Perhaps the most telling statistics about the state of the consumer are the federal statistics personal savings rate Tracker that calculates personal savings as a percentage of personal disposable income. This action peaked in May 2020 as federal stimulus payments flooded the economy with cash.
A year ago, the savings rate was 10.5%, the highest in three decades. A year later, in the most recent report for July, it had fallen to 5%, the lowest rate since the Great Crash/Mortgage Crisis of 2008.
What does all this data mean for consumer status and future spending?

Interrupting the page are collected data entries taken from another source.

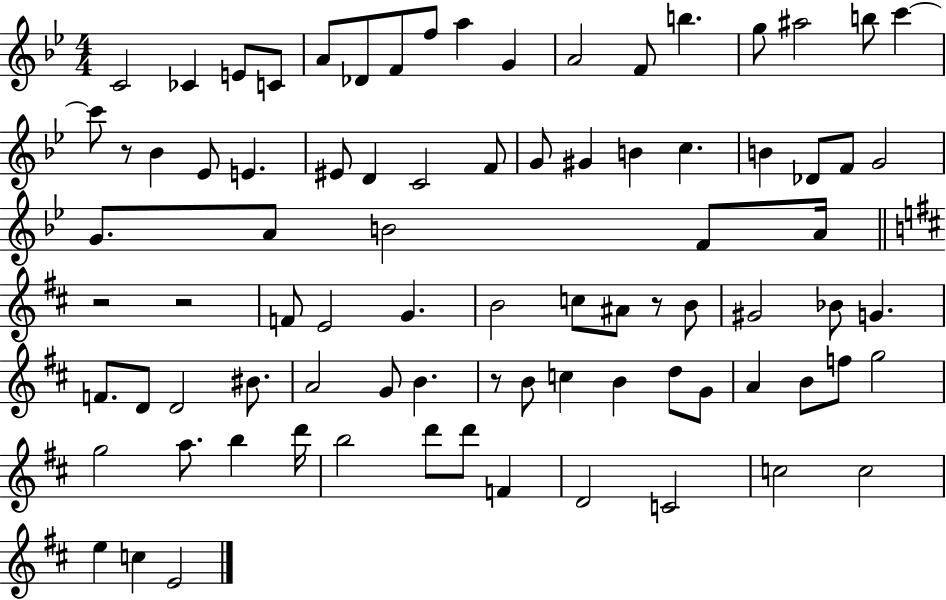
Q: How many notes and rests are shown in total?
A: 84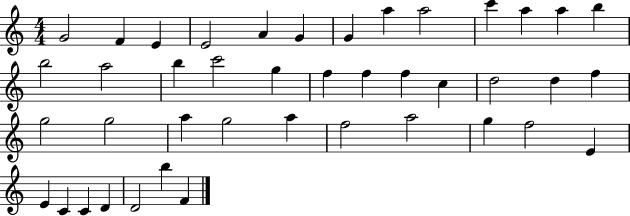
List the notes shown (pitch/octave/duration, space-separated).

G4/h F4/q E4/q E4/h A4/q G4/q G4/q A5/q A5/h C6/q A5/q A5/q B5/q B5/h A5/h B5/q C6/h G5/q F5/q F5/q F5/q C5/q D5/h D5/q F5/q G5/h G5/h A5/q G5/h A5/q F5/h A5/h G5/q F5/h E4/q E4/q C4/q C4/q D4/q D4/h B5/q F4/q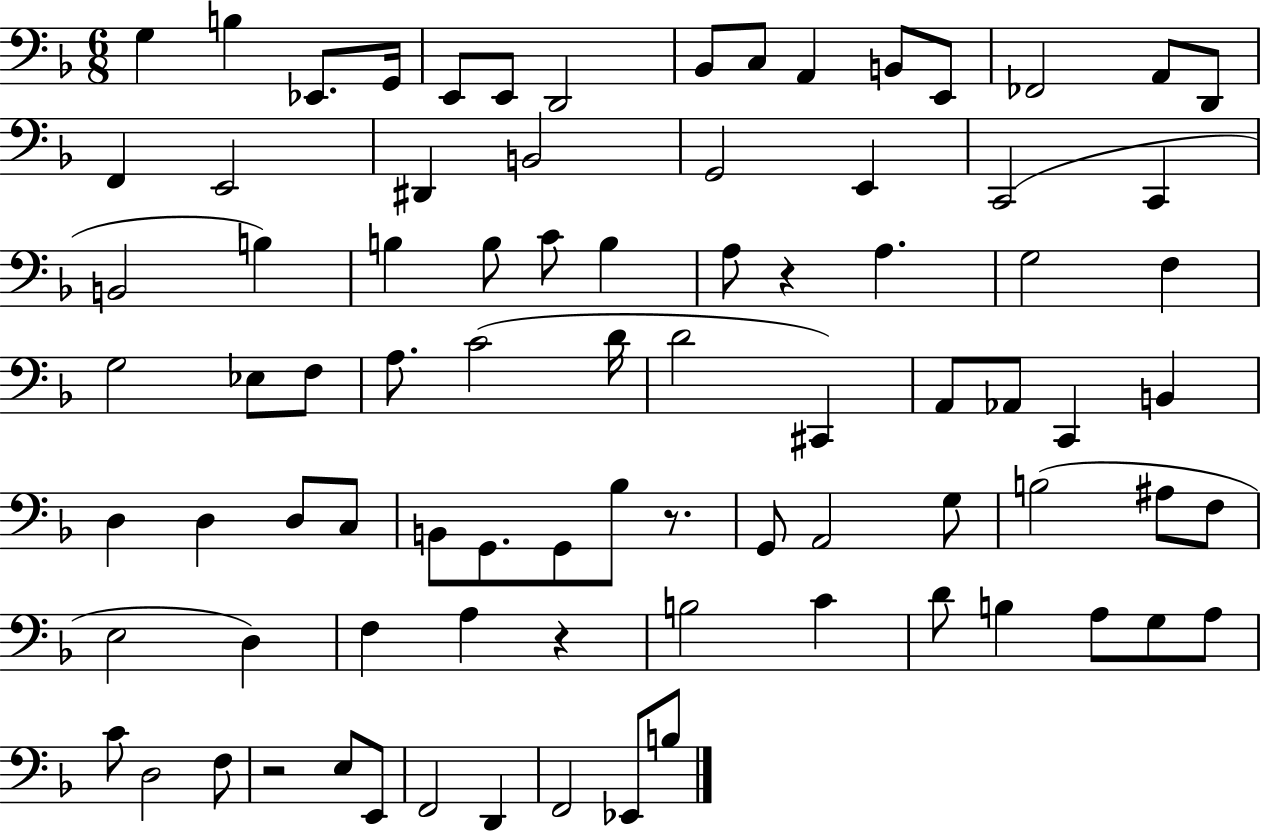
X:1
T:Untitled
M:6/8
L:1/4
K:F
G, B, _E,,/2 G,,/4 E,,/2 E,,/2 D,,2 _B,,/2 C,/2 A,, B,,/2 E,,/2 _F,,2 A,,/2 D,,/2 F,, E,,2 ^D,, B,,2 G,,2 E,, C,,2 C,, B,,2 B, B, B,/2 C/2 B, A,/2 z A, G,2 F, G,2 _E,/2 F,/2 A,/2 C2 D/4 D2 ^C,, A,,/2 _A,,/2 C,, B,, D, D, D,/2 C,/2 B,,/2 G,,/2 G,,/2 _B,/2 z/2 G,,/2 A,,2 G,/2 B,2 ^A,/2 F,/2 E,2 D, F, A, z B,2 C D/2 B, A,/2 G,/2 A,/2 C/2 D,2 F,/2 z2 E,/2 E,,/2 F,,2 D,, F,,2 _E,,/2 B,/2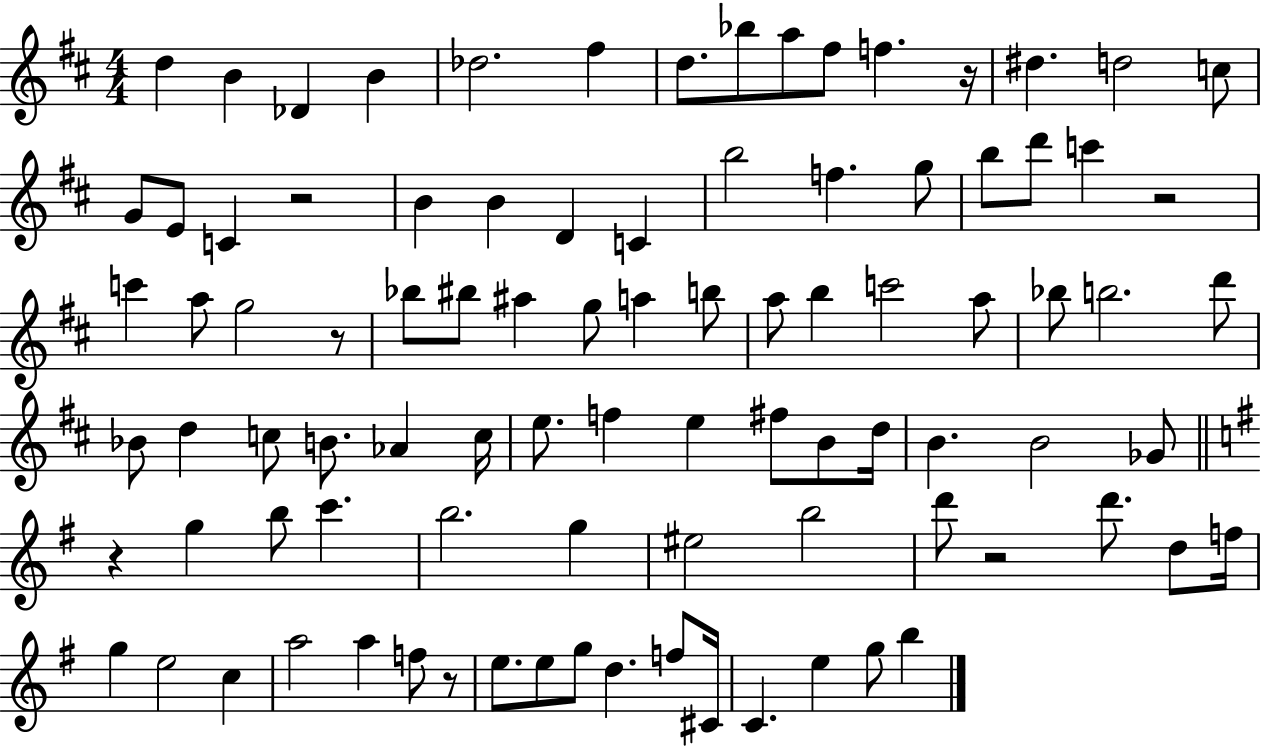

First, cars and homes have become too expensive for many, so this part of the economy will continue to slow as intended by the Fed's rate adjustments. If the Fed can control inflation, especially food and gas prices, there may be light at the end of the tunnel. If this is not the case and consumers have less money to spend, they are likely to cut back on spending or borrowing.
Which brings us to the final consumer debt factor to consider. If the employment numbers remain strong, and people can continue to make their credit card payments and keep a reasonable percentage of debt, we may all be in a good position.
The concern is that there is a lot of "if" in that data.
It is best for both business and consumers to continue to monitor all metrics of what is currently going on and what has happened in the economy, but equally important is to try to anticipate what might happen next.